No câmbio, o dólar apresenta leve valorização e os títulos de renda fixa de dívida pública do governo norte-americano, Treasuries, operam próximos da estabilidade.
Entre as commodities, o petróleo interrompe a sequência de ganhos recentes e opera estável, enquanto o minério de ferro avançou 0,31% em Dalian, a US$ 120,70 por tonelada.

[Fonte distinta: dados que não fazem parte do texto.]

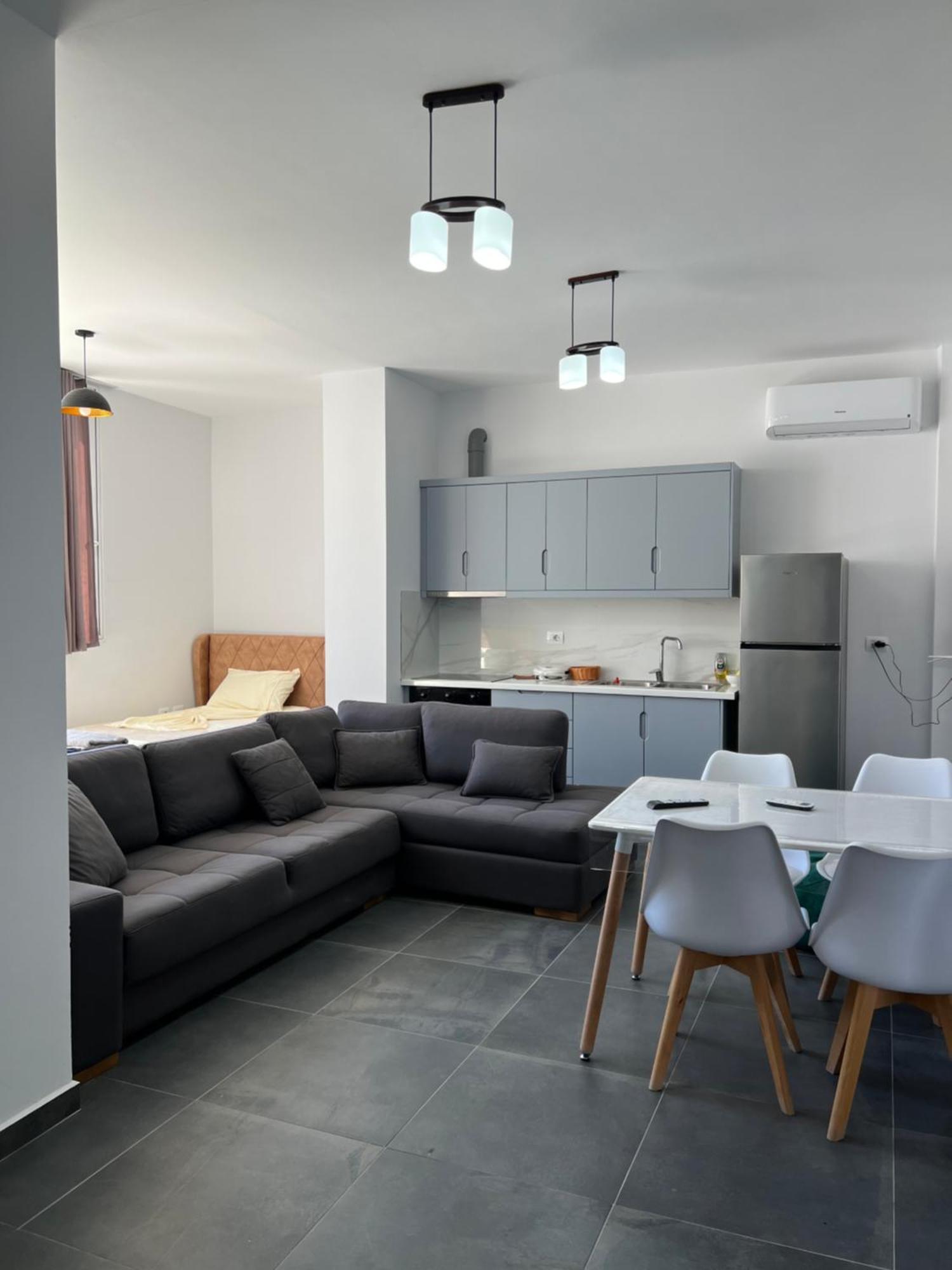 סרנדה Deda Apartments מראה חיצוני תמונה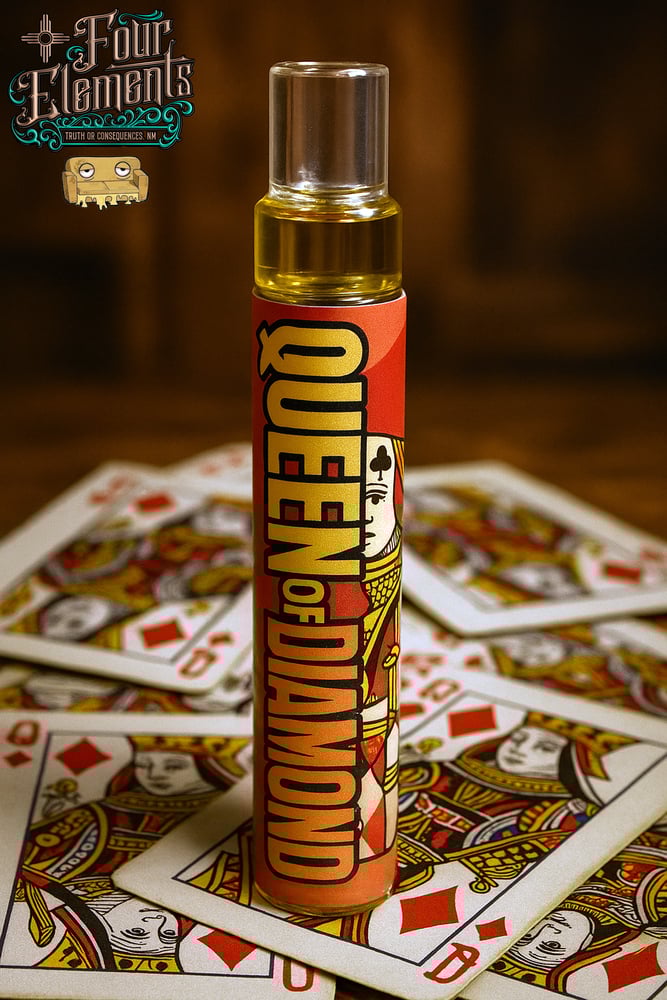 Queen of Diamonds [500mg]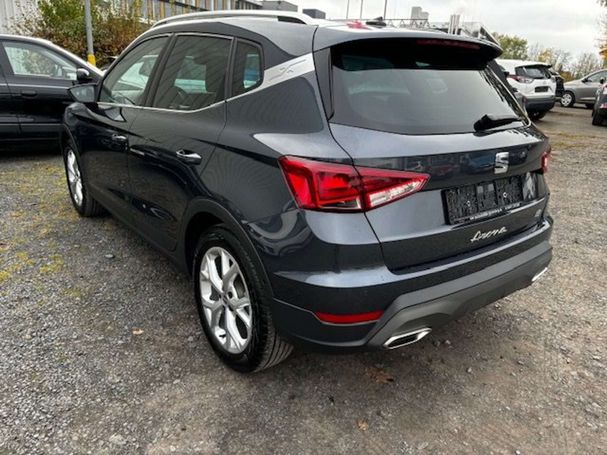 Seat Arona TSI DSG 85 kW image number 3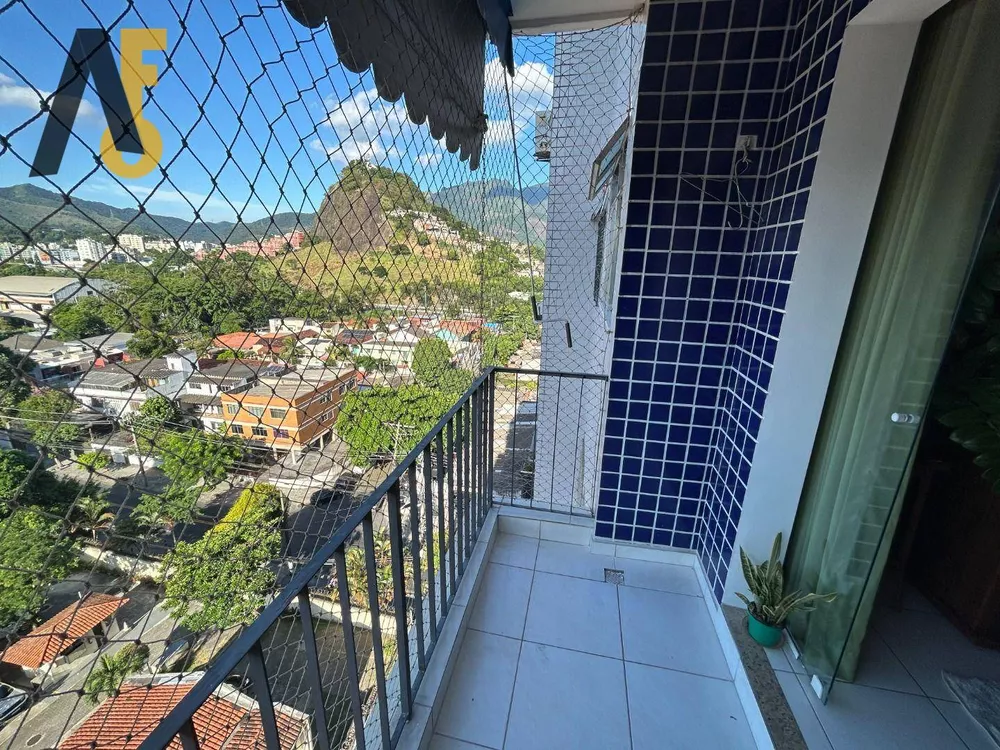 Apartamento à venda com 2 quartos, 55m² - Foto 4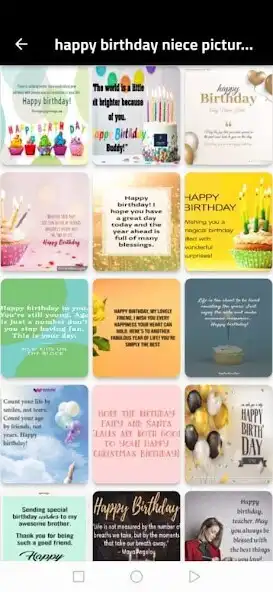 Play Happy birthday niece images as an online game online Happy birthday niece images with UptoPlay Play Happy birthday niece images as an online game Happy birthday niece images with UptoPlay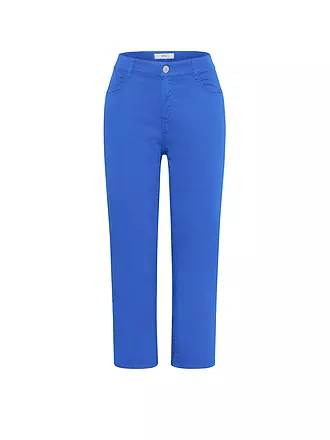 BRAX | Pantaloni Regular Fit 7/8 MARY C | blau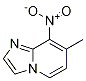 IMidazo[1,2-a]pyridine, 7-Methyl-8-nitro- CAS#: 1093239-74-7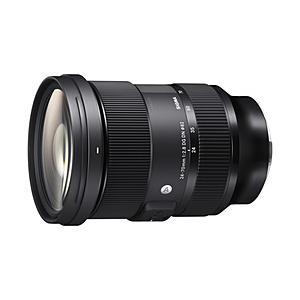SIGMA 24-70mm F2.8 DG DN Art レビュー】コスパ最高の新時代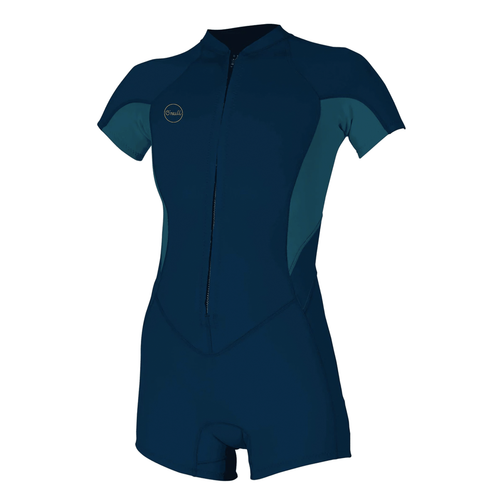 ONEILL WMS BAHIA 2/1 FZ S/S SPRING- Catalyst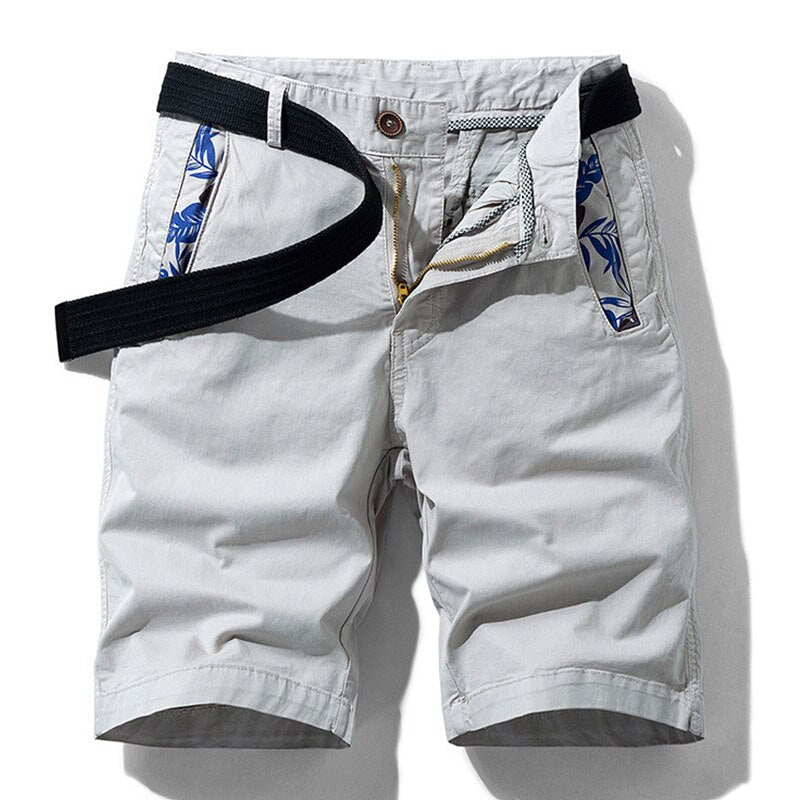 Soren - Lässige Atmungsaktive Shorts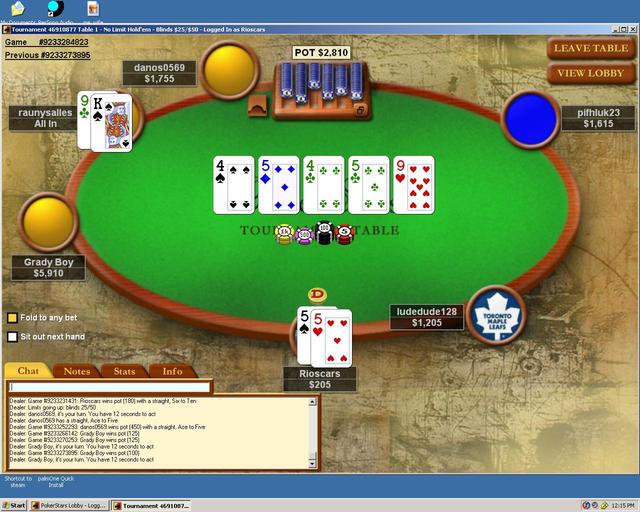 poker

No Brasil, o pano de fundo externo combinado à acomodação do petróleo pode contribuir para uma leitura mais benigna da curva de juros, ainda sensível à dinâmica inflacionária recente. A agenda doméstica concentra atenções nas vendas do varejo, em um momento de reavaliação das expectativas para a política monetária.
No pré-mercado, as ADRs da JBS recuavam em torno de 2% após divulgação de resultados fracos e abaixo do esperado, reforçando um tom mais seletivo entre os ativos. Investidores também acompanham agenda do Banco Central, incluindo falas de seus dirigentes e reuniões com agência de rating – uma agência de classificação de risco.